Tuning the emission half-peak width of CaMgSi2O6:Cr3+ from 138 nm to 393 nm by controlling the Cr3+ concentration

Abstract

Broadband near-infrared (NIR) phosphors play a crucial role in the development of next-generation smart NIR light sources based on blue light-emitting diodes (LEDs). The emission bandwidth is an important parameter for evaluating the performance of these phosphors. Herein, an ultra-broadband NIR phosphor CaMgSi2O6:Cr3+ (CMSO:Cr), with a tunable emission band and a full width at half maximum (FWHM) ranging from 138 nm to 393 nm, is obtained by adjusting the doping concentration of Cr3+. In the low-concentration doped sample, a single emission peak at 785 nm is observed. When the concentration of Cr3+ exceeds 1.0 at%, emissions at both 785 nm and 980 nm are detected. The emission peak at 785 nm originates from the [MgO6](Ⅰ) octahedron within the CMSO structure.
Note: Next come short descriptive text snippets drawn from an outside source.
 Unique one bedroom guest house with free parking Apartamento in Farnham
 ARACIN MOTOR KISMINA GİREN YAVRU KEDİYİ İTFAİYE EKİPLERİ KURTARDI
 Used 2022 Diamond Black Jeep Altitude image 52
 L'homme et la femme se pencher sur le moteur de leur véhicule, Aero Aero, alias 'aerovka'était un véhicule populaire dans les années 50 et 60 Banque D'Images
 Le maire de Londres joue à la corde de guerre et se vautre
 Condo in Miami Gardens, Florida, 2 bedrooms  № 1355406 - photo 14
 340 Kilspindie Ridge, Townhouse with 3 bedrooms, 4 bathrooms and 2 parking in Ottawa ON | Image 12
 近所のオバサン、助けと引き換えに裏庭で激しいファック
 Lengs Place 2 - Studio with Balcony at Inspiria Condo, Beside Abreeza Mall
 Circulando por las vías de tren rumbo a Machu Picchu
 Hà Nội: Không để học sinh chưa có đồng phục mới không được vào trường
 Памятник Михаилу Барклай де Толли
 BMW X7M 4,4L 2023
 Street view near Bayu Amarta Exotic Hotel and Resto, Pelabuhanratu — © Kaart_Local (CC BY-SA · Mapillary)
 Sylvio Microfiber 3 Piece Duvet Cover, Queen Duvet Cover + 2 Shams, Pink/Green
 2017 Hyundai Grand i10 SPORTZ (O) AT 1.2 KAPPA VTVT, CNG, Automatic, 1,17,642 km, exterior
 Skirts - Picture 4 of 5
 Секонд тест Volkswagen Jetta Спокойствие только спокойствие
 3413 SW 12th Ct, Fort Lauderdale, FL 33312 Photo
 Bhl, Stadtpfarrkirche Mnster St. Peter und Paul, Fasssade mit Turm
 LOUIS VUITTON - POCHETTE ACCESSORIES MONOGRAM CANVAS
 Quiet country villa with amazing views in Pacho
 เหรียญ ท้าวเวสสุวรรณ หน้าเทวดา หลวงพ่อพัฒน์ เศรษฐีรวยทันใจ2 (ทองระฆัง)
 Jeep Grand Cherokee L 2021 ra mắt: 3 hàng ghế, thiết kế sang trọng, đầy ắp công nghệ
On the other hand, the emission peak at 980 nm is attributed to the presence of a twisted octahedron [MgO6](Ⅱ), which is caused by defects and vacancies resulting from the charge imbalance when Mg2+ ions are replaced by Cr3+ ions. The Cr3+ ion primarily occupies the [MgO6](Ⅰ) site in the lower-concentration doped sample, which explains the photoluminescence peak at 785 nm. With the increase in the concentration of Cr3+ ions, more and more Cr3+ ions preferentially occupy the [MgO6](Ⅱ) octahedral sites, leading to the broad emission at 980 nm. A novel NIR phosphor light source was fabricated by combining a blue chip with CMSO:Cr phosphor. Driven by a current of 60 mA, the NIR light output power of 5.89 mW and 0.76 mW is achieved by using CMSO:0.015Cr and CMSO:0.04Cr, respectively. This work demonstrates that new luminescent centers can be generated by substituting heterovalent ions, resulting in broadened emission spectra.